What the task asks >> The expected output is an exact copy of the lines from the one containing "一片白雾覆盖了保加利亚的罗多普山浓雾之海只有高山才能看见图片" through the final line of the entries below, with no images.

(Entries shown)

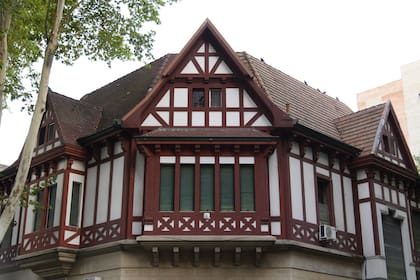 La casona de 1930, construida para la familia Werner, conserva intactos sus rasgos germánicos y las mansardas de tejas rojas que caracterizan al edificio
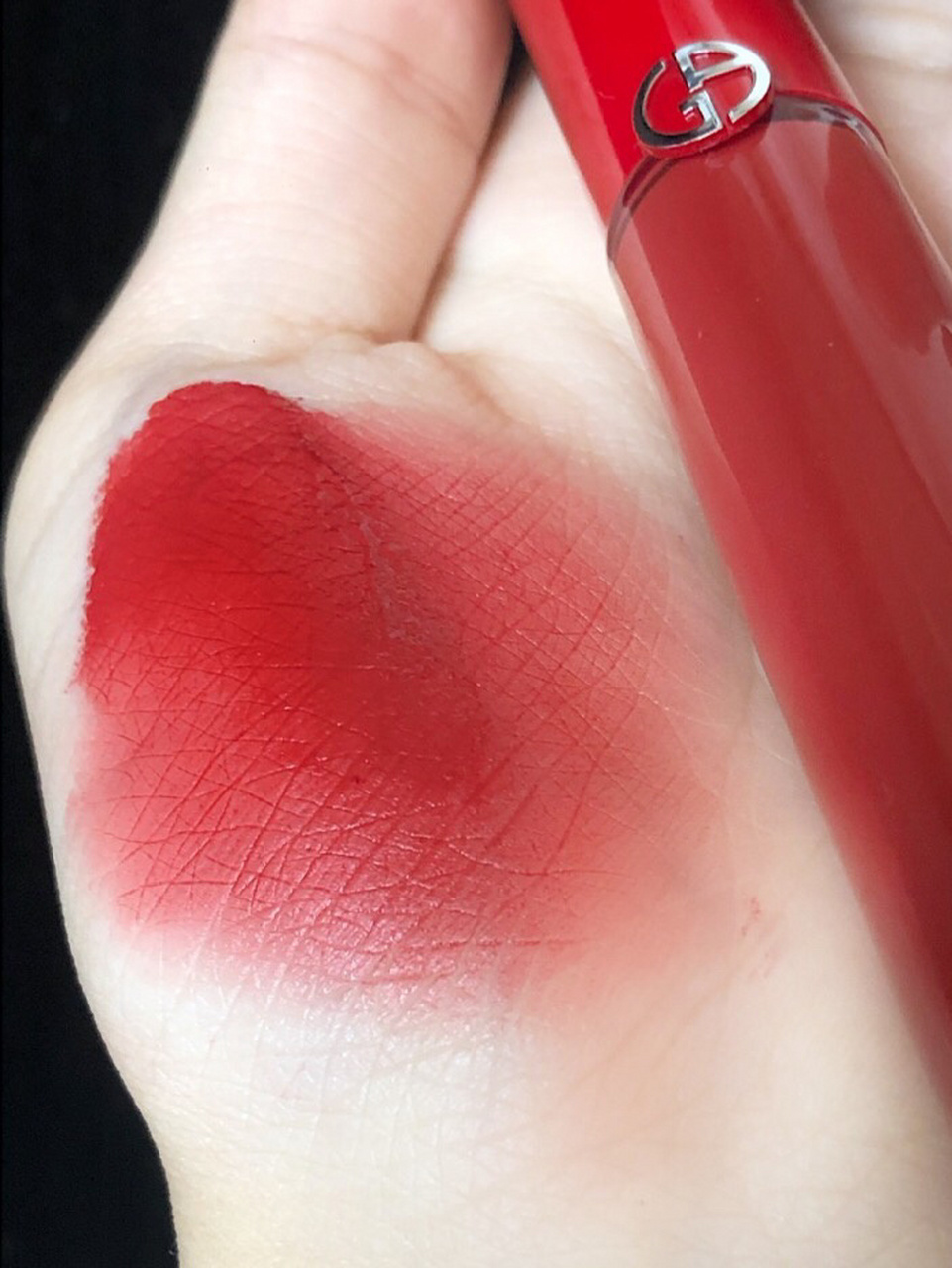 今年买到最爱的唇釉必须是阿玛尼415!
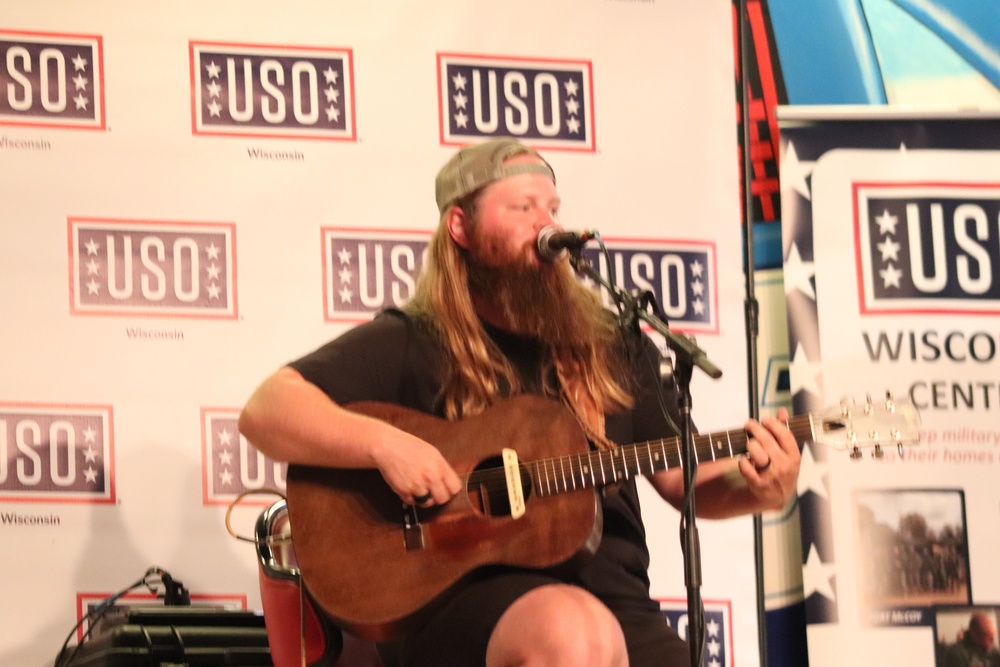 Entertainer, musician Chris Kroeze entertains troops, community members at Fort McCoy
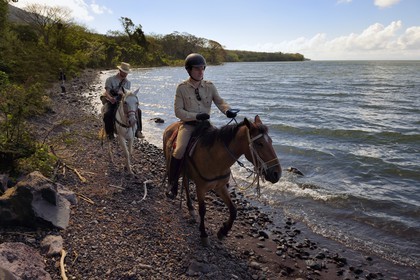 Nicaragua, Ile d'Ometepe sur le lac Nicaragua, cavaliers en randonnée en bordure du lac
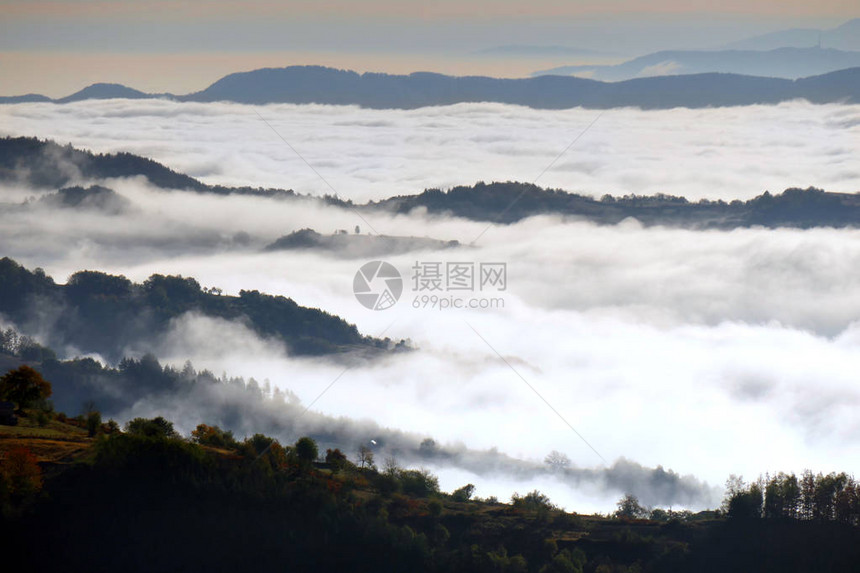 一片白雾覆盖了保加利亚的罗多普山浓雾之海只有高山才能看见图片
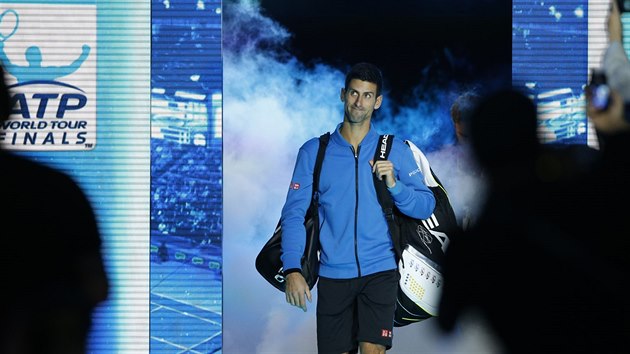 PICHÁZÍ NOVAK. Srbský tenista Novak Djokovi se chystá k zápasu s Berdychem na...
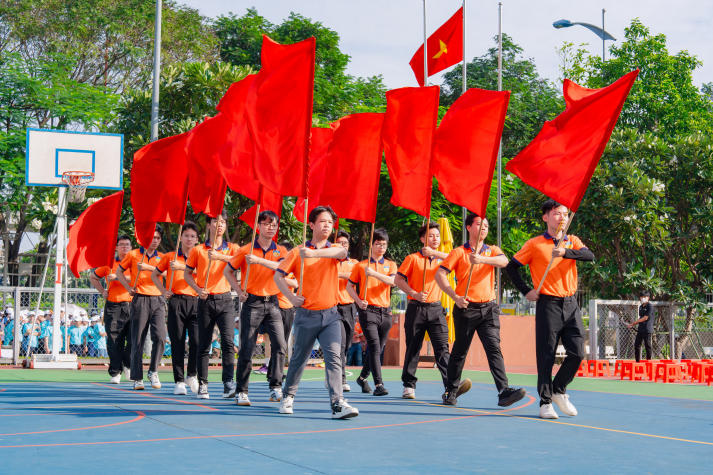 [Video] Bùng nổ tinh thần thể thao, Hội thao CB-GV-NV HUTECH 2026 khởi động mùa tranh tài rực lửa 25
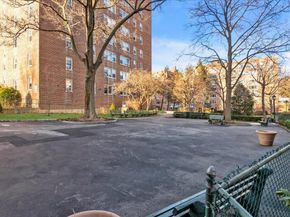 80 Knolls Crescent 8M, Bronx NY 10463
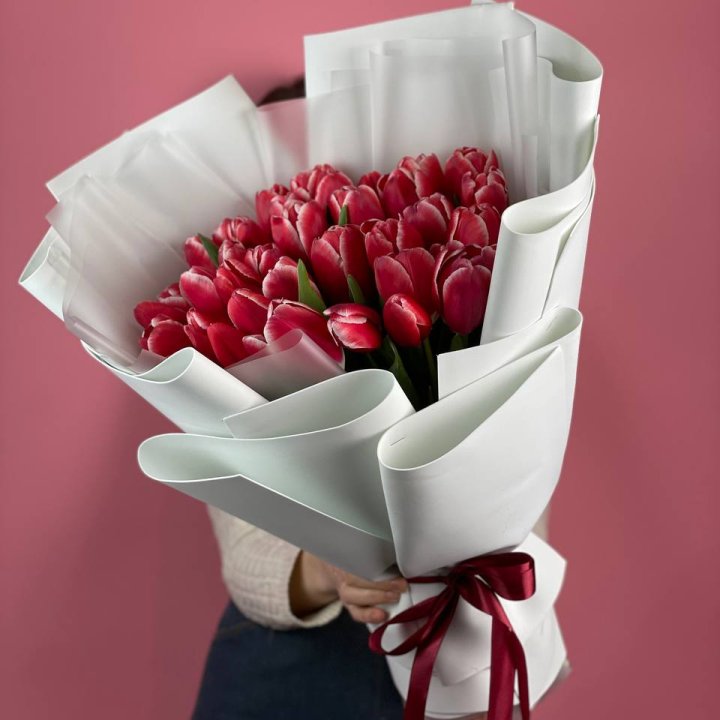 Букет красных тюльпанов в Новороссийске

(End Entries shown)

Task answer >>
 一片白雾覆盖了保加利亚的罗多普山浓雾之海只有高山才能看见图片
 PICHÁZÍ NOVAK. Srbský tenista Novak Djokovi se chystá k zápasu s Berdychem na...
 [Video] Bùng nổ tinh thần thể thao, Hội thao CB-GV-NV HUTECH 2026 khởi động mùa tranh tài rực lửa 25
 80 Knolls Crescent 8M, Bronx NY 10463
 Букет красных тюльпанов в Новороссийске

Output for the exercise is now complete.